Born on this date in 1923 in Mt. Olive, Alabama, was the lonesome drifter, the one with soul, sorrow, and the one that many consider a legend.  Hank Williams, Sr. was born on September 17, 1923.  He would be considered to be one of the earliest country music stars back in the day.  To this day, his music lives on in the hearts of country music fans.

Hank Williams son, Hank Williams, Jr., otherwise known as Bocephus, carried on the family tradition.  His son, Hank Williams, III, or simply known as III or 3, shares a striking resemblance in both looks and vocals of his late grandfather.

Looking at the many works of Hank Williams, he was a poet, a songwriter, a writer of many simple words that yet, put together, brings out a new meaning of things in life.

Who would have thought that a young man would write songs like “I Saw the Light,” as well as “Hey, Good Lookin,” and “I’ll Never Get Out of This World Alive.”

So much has been said and written about the legend.  He was let go from the Grand Ole Opry, but yet for years they would talk about him during tours and use his image.  Sadly, they updated their tours and Hank Williams is no longer mentioned in their videos or from the tour guides.  It is as if he never existed.

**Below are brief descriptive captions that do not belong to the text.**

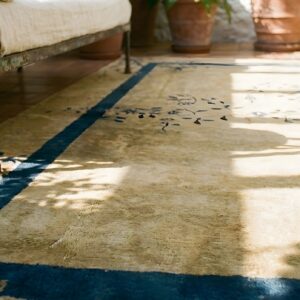 Chinese 1920s Antique Knotted - Art Deco Rectangle Ivory Room Size Wool Rug (SKU 25428) - in-room detail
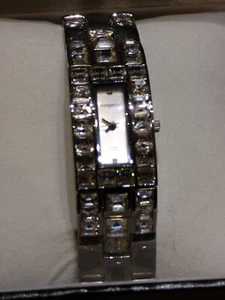 Damenuhr FIREFOX FFS178-104 Silber Edelstahl Zirkoniasteine Sicherheitsfaltschl. - Bild 1 von 8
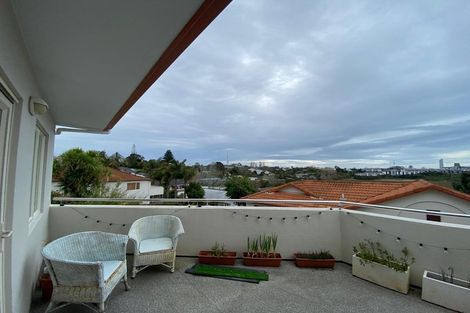 Photo of property in 3/48a Exmouth Road, Northcote, Auckland, 0627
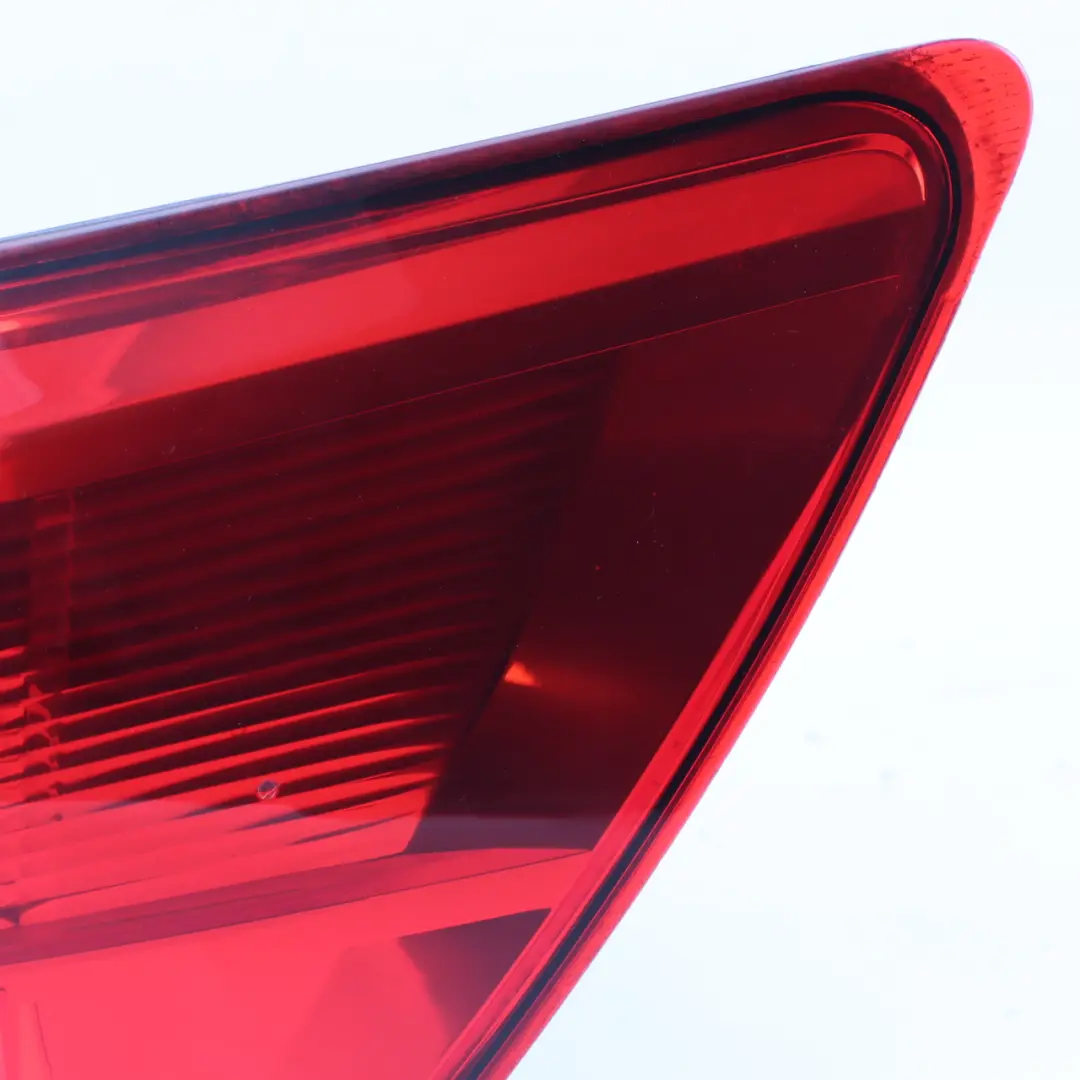 Quashqai J10 MK1 Rear Lamp Right O/S Tail Light Side Panel to Nissan with Part number 89071062 Nissan Quashqai J10 MK1 Rear Lamp Right O/S Tail Light Side Panel - SKU 89071062 - Part number 89071062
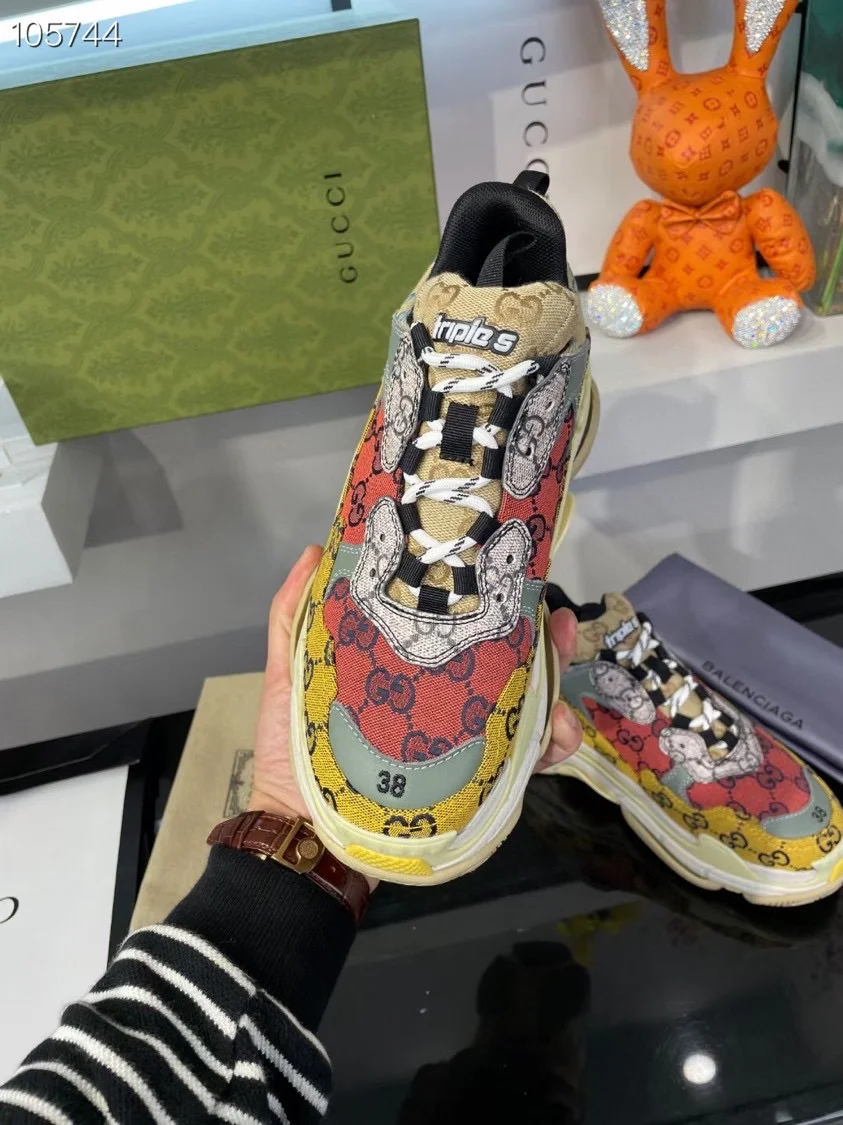 Balenciaga $150 gallery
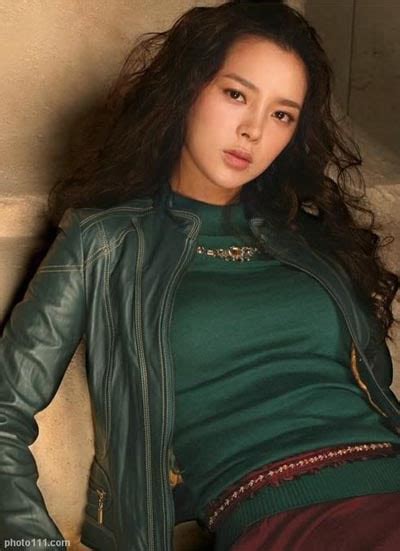 Picture Of Park Si Yeon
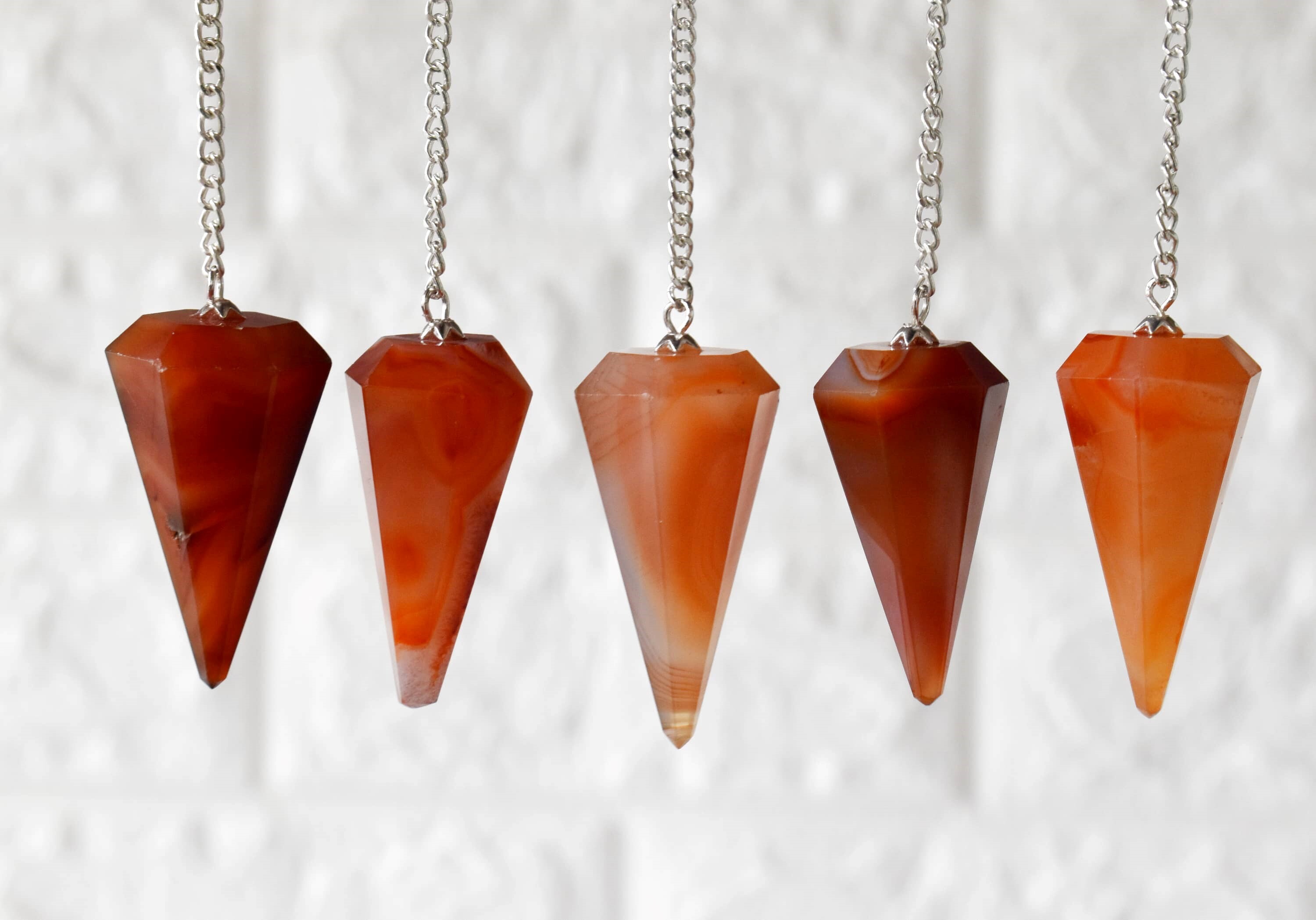 Carnelien Faceted Cone Reiki Pendulum, Crystal Healing Gemstone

Hank Williams is, however, a member of the Country Music Hall of Fame.  The museum featured the entire Williams Family Legacy in a special exhibit a few years ago that was personally beyond amazing with all of the details of the entire Williams family.

Hank Williams has got a star on the Hollywood Walk of Fame, as well as membership into the Alabama Music Hall of Fame, Rock & Roll Music Hall of Fame, Native American Music Hall of Fame, Recording Academy Grammy Hall of Fame (Lovesick Blues), and a Pulitzer Prize Board Citation.

Before all of the lights, smoke, and theatrics of concerts these days there was Hank Williams who could capture an audience by his vocals.  Sadly we lost the legend at the young age of 29 years old in 1953.  Imagine how many more songs would have been written without this huge loss in music.